Randy Weiler, SPC’s Director of Postal Affairs and Logistics, is here to help you navigate the labyrinth of the USPS. What does it take to efficiently move your projects through the USPS system? What efficiencies can you gain from SPC’s lettershop expertise? Who determines postal increases?
Every month, Randy fields your burning questions about mail and postal affairs in a Q&A format. You can email him at email@example.com or post a question via Facebook or Twitter using the hashtag #AskRandyUSPS. We post the questions and his answers each month both here on the SPC blog and on social media. To see a full list of questions that Randy has answered, check the Ask Randy Index.
1) What is Seamless Acceptance and why is it important to SPC and our customers?
Seamless Acceptance leverages the scanning of Intelligent Mail barcodes on mailpieces, trays, sacks and containers by USPS mail processing equipment (MPE) and handheld scanning devices. These are then reconciled to the mailer electronic documentation (eDoc) to confirm proper mail preparation for the discounts claimed and postage paid. Mail is verified by reviewing data within the eDoc, the comparison of eDoc to MPE scans, and the comparison of eDoc to scans from sampling. These three verification types provide a complete view of mail preparation.
Benefits of Seamless Acceptance
- Longer mail production cycle
- Standardized acceptance and verification process is performed electronically and reduces overall complexity
- Auto-finalization gives eDoc submitters control over postage payment
- Allows for improved feedback and identification of trends
- Trend-based quality measurements means that mail preparers are not penalized for a problem with a single mailing
- Control over release timing
- Flexibility with mail preparation
2) What is the status of the USPS moving to a five-day delivery?

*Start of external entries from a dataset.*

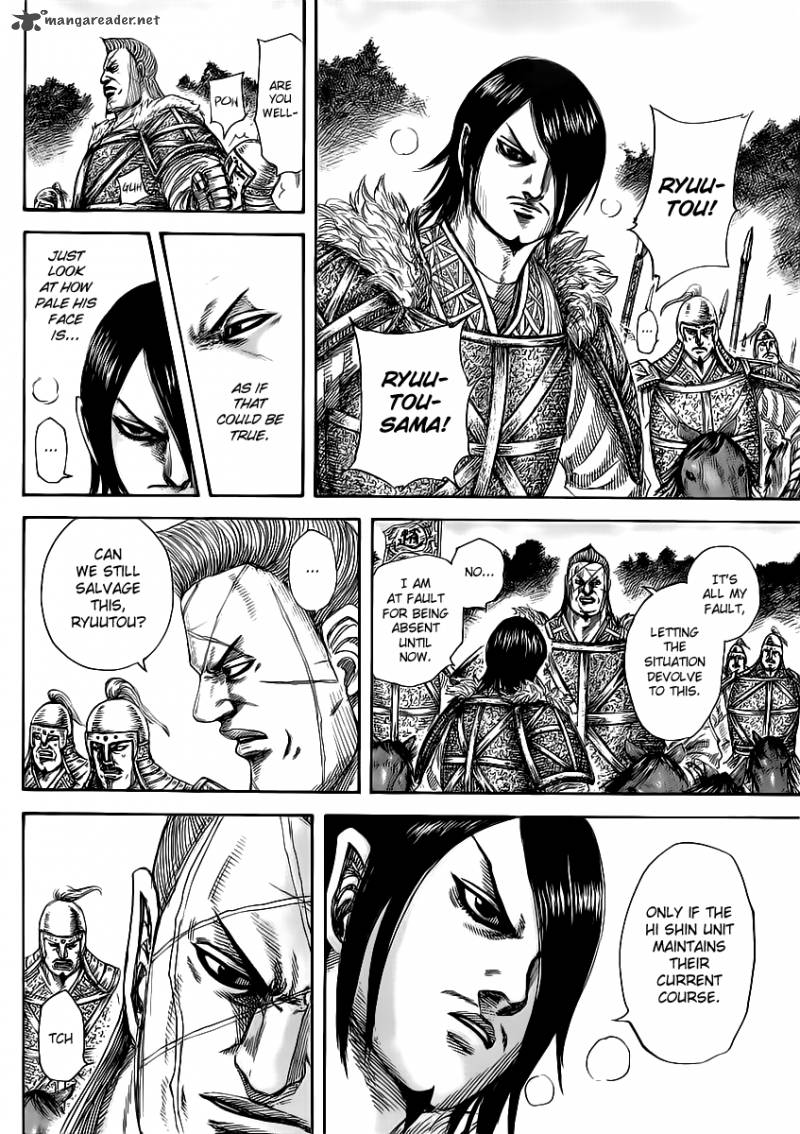 Chapter 460 - Page 7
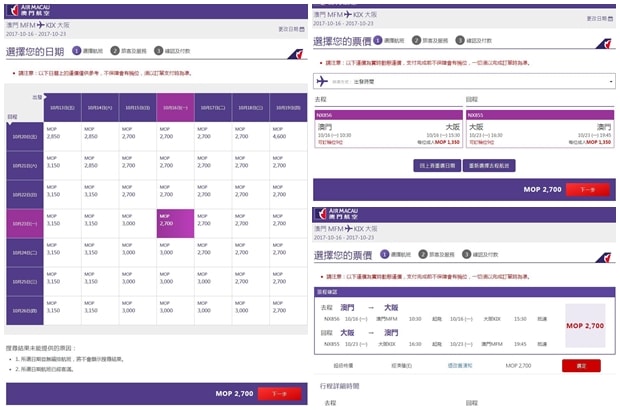 澳门新彩网官方网站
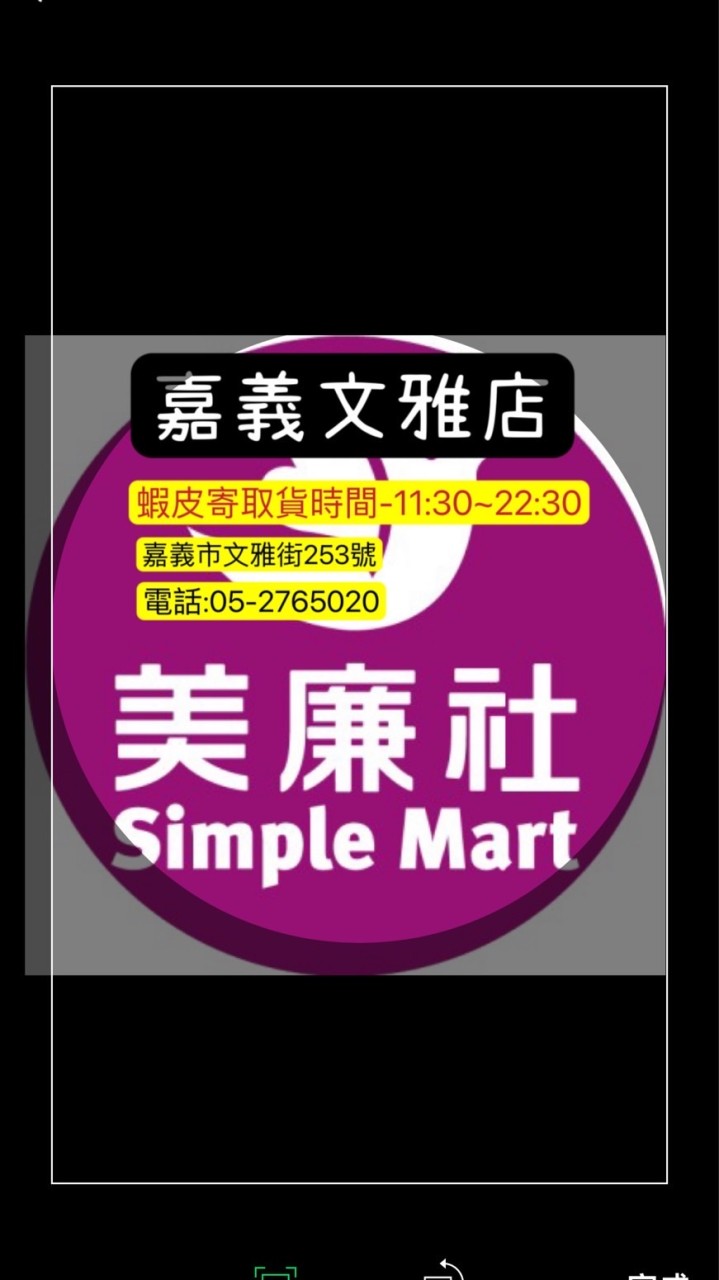 美廉社嘉義文雅店(團購/好康優惠)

The idea of the USPS potentially moving to five-day delivery has been floating around for quite some time now. Proponents suggest that it will help trim USPS costs in the face of decreasing letter delivery, without sacrificing significant service. But given the importance of package delivery to the USPS at the moment, and the ongoing consumer desire to receive packages ASAP, I personally feel a five-day delivery concept has been sidelined for now.

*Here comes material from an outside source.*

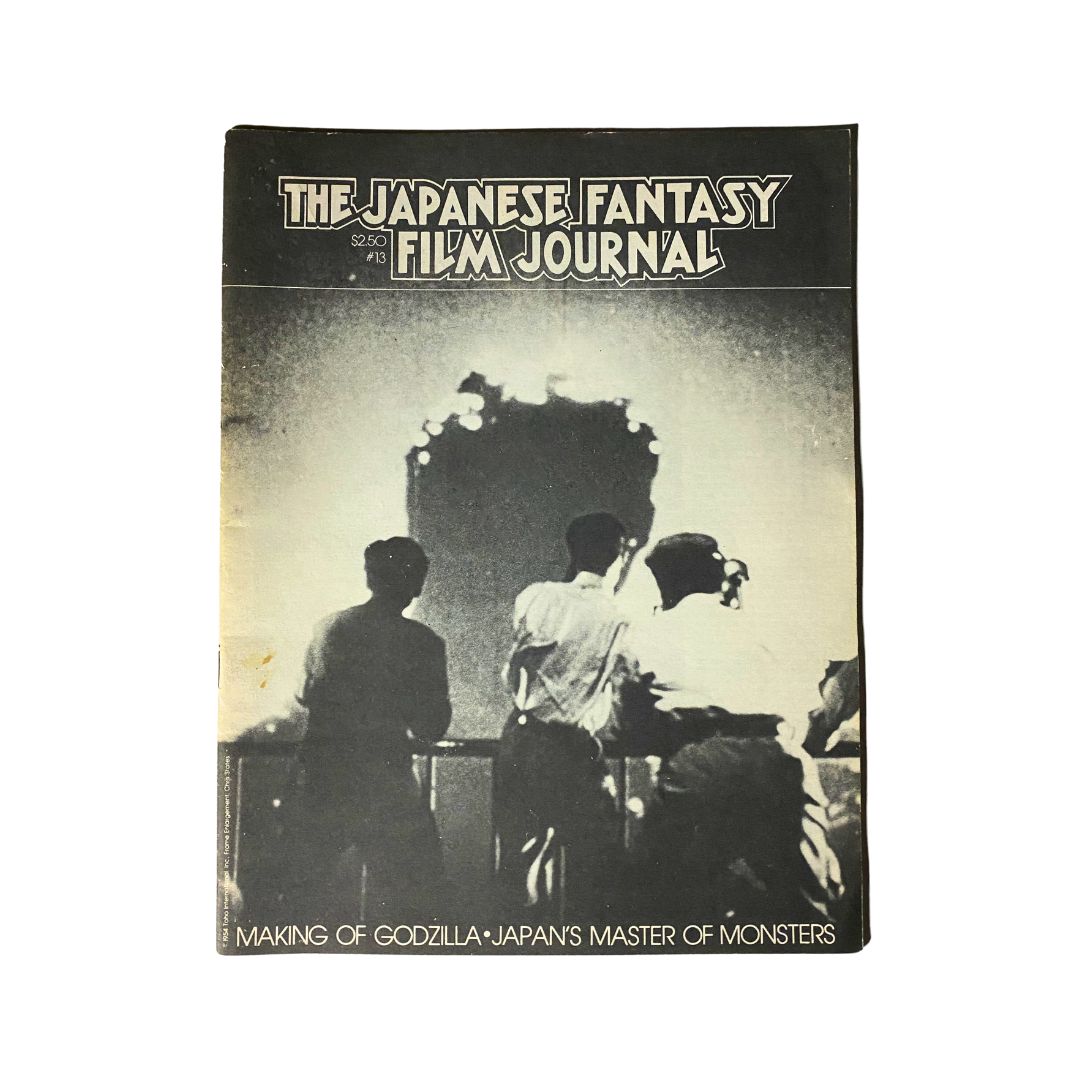 Cover of the Vintage Japanese Fantasy Film Journal 1983 No. 13, featuring the Making of Godzilla—Japan's Master of Monsters, showcasing dramatic imagery and classic typography.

3) Can I put a “please deliver by” date range on a mail piece?
There are no applicable standards in the DMM that prohibit the inclusion of an in-home delivery date on a mailpiece. Without an explicit prohibition, a date is allowed as long as it doesn’t interfere with postal markings or elements. It does not affect the mailing in any way since there is no guarantee associated with those dates.
4) Do you prefer thin crust or deep dish pizza?